A mãe levanta o rosto. Mira a filha, que lhe nutre enorme afeto nos olhos. As duas parecem querer sorrir. Mas há certa tensão experimentada. Podem a qualquer momento ter que deixar o local. Parecem esperar o sinal de explosão e, na encruzilhada do século[2], tentam frente a frente, encontrar o que o tempo inscreveu nos seus corpos e rostos.
Lá fora, estão: o clã de criminosos, a quadrilha dos conspiradores, a camorra de consumidores[3]. Elas sabem que é hora de parar o jogo, mas não a jogada.
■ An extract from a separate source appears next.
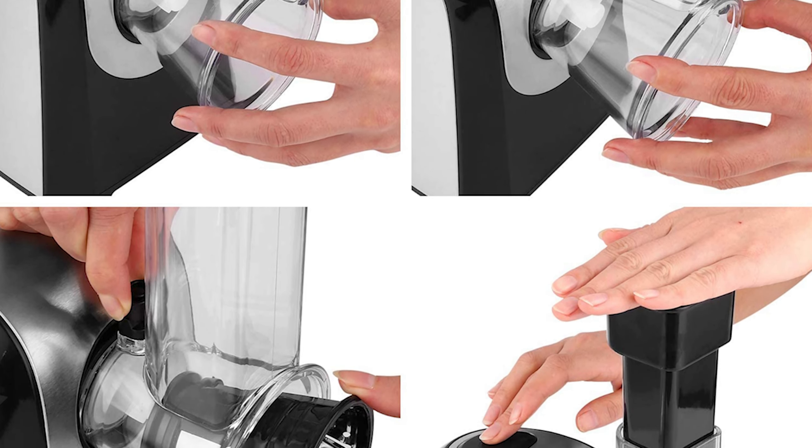Cleaning is also easy with dishwasher-safe removable parts and a hard bristle cleaning brush. Bella offers a full range of high-quality products including air fryers, waffle irons, toasters, coffee makers, electric kettles, slow cookers, espresso machines, griddles, and juicers. The brand provides quick and convenient kitchen solutions to simplify your hectic life, making the Bella four-in-one automatic electric spiralizer and slicer an essential kitchen tool for those who want to have fun cooking.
São sempre múltiplas as saídas[4], por mais que as entradas pareçam determinar algo. Escutam um sinal, não o da explosão, mas aquele que avisa que é hora de trabalhar. Levantam-se. Separam-se. Cada uma habita um espaço, frente a uma escrivaninha própria. Antes de iniciarem suas atividades, cada uma em seu local, entreolham-se e despedem-se com olhares de cumplicidade. São professoras.
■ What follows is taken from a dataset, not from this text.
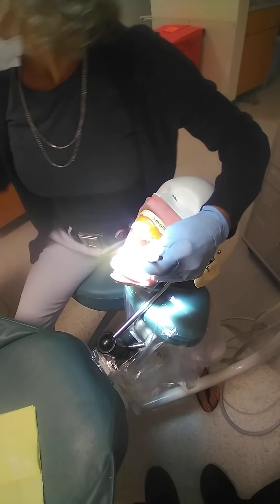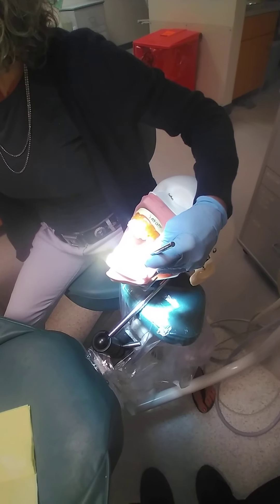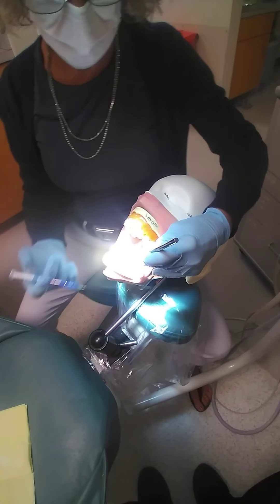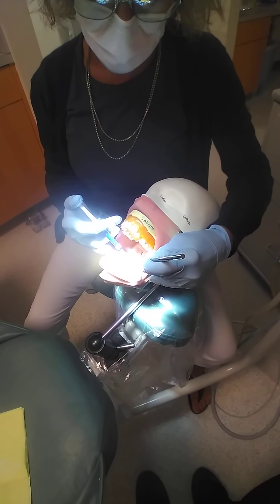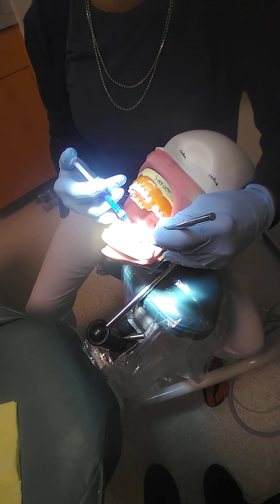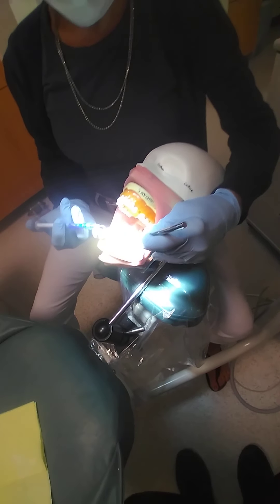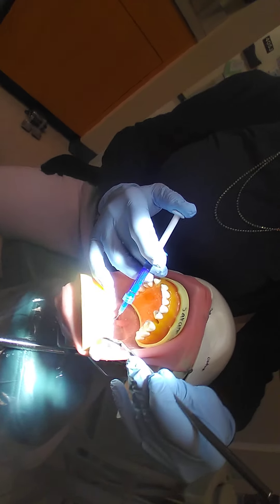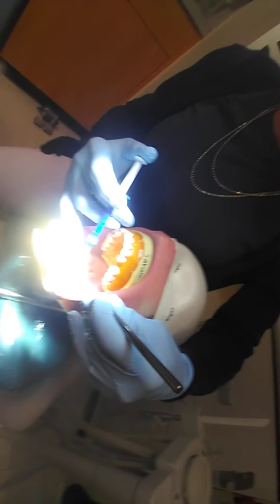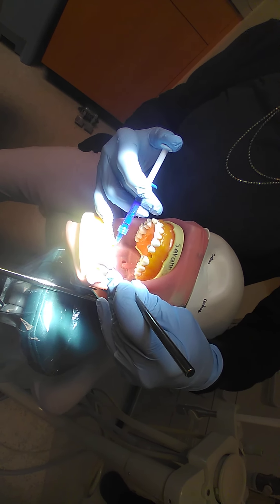I'm going to retract and check for operability to make sure that everything is coming out correctly. I'm going to place my phosphoric acid etch on the enamel cable surfaces and wait 10 seconds. After 10 seconds, I'm going to put it on the dentin, agitate to make sure all the bubbles are popped, and leave the phosphoric acid etch on the dentin for 10 seconds.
Em suas escrivaninhas, cada uma aciona uma espécie de computador sem cabo. Em torno de suas mesas, papéis, escreventes, blocos, livros estranhos. Capas feitas de material indiscernível. Aquelas capas alteram a penumbra do lugar, ainda aquecido por aquele raio que insiste em entrar sem permissão e lembra, às duas mulheres, que devem lutar contra certa infelicidade produzida. Aquelas capas. Exalam, como que de repente, um perfume[5]. Ajudam a manter aquecido aquele subterrâneo sombrio.
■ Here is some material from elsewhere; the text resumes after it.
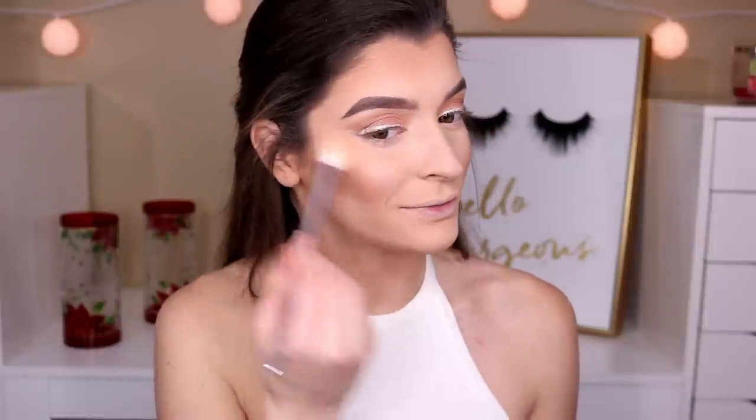Now onto blush — I'm going in with the Essence Satin Blush in the shade Satin Coral. It's such a pretty, neutral colored blush. I'm going in with a very fluffy brush, lightly dipping in, tapping off the excess, and applying it to my cheekbones. For my highlighter, I'm going in with the Milani Strobe Light in Day Glow 02, using the Wet n' Wild highlighting brush from their pro set. Again, lightly dipping in, tapping off the excess, and applying. You want to go in with a very light hand with everything — you want it to just sit on top of your skin and look really natural and pretty.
As mulheres ligam seus computadores. Colocam seus fones de ouvido. Conversam. Certa altura, já não se reconhece o que fazem: se riem, se ensinam, se ralham, se buscam, se conversam, se calam. Parece haver outros, todos conectados, imagens trêmulas, com diversas interferências ruidosas, alguma música ao fundo… no final, escutam. São algumas horas. Longas horas. Vagarosas horas. O olhar atento das mulheres, frente àqueles dispositivos disparatados, é instigante. O que será que conversam, que tramam? Que trocam? Que amam? Olhares esgueirantes… parecem procurar por gestos. Gestos.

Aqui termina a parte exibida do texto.